◆ **Exercise prompt**: A faithful copy of the listing below is needed, one that contains no pictures.

◆ **Dataset excerpt**:
###
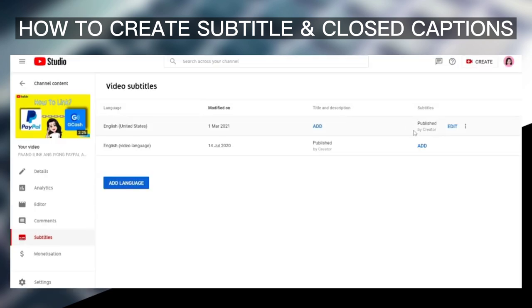And here's the subtitle that you created. It says it's published by a creator, and you also have an option to edit it in the future. So that's it!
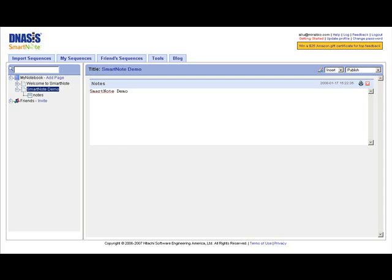Hi, welcome to DNASysSmartNote. If you are viewing this demo right now, chances are you're a molecular biologist with an interest in seeing how a web application can help you with your everyday work.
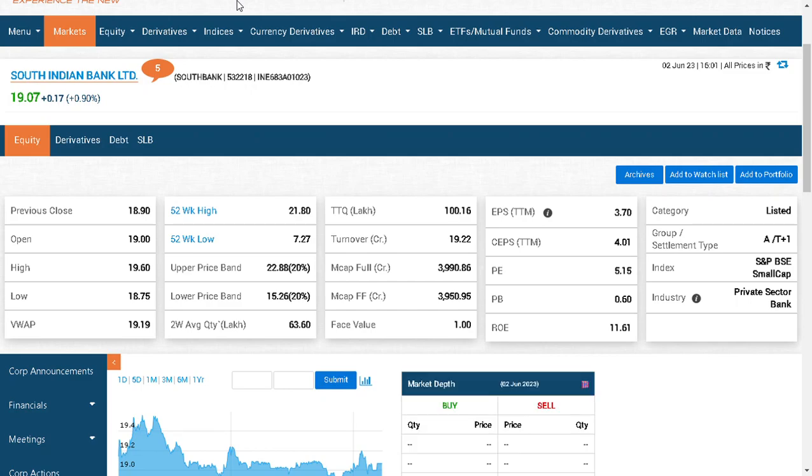Hi friends, welcome. So friends, in this video we are going to talk about South Indian Bank Ltd. for short term trading. We're going to discuss this company, South Indian Bank.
###
◆ **Answer**:
And here's the subtitle that you created. It says it's published by a creator, and you also have an option to edit it in the future. So that's it!
Hi, welcome to DNASysSmartNote. If you are viewing this demo right now, chances are you're a molecular biologist with an interest in seeing how a web application can help you with your everyday work.
Hi friends, welcome. So friends, in this video we are going to talk about South Indian Bank Ltd. for short term trading. We're going to discuss this company, South Indian Bank.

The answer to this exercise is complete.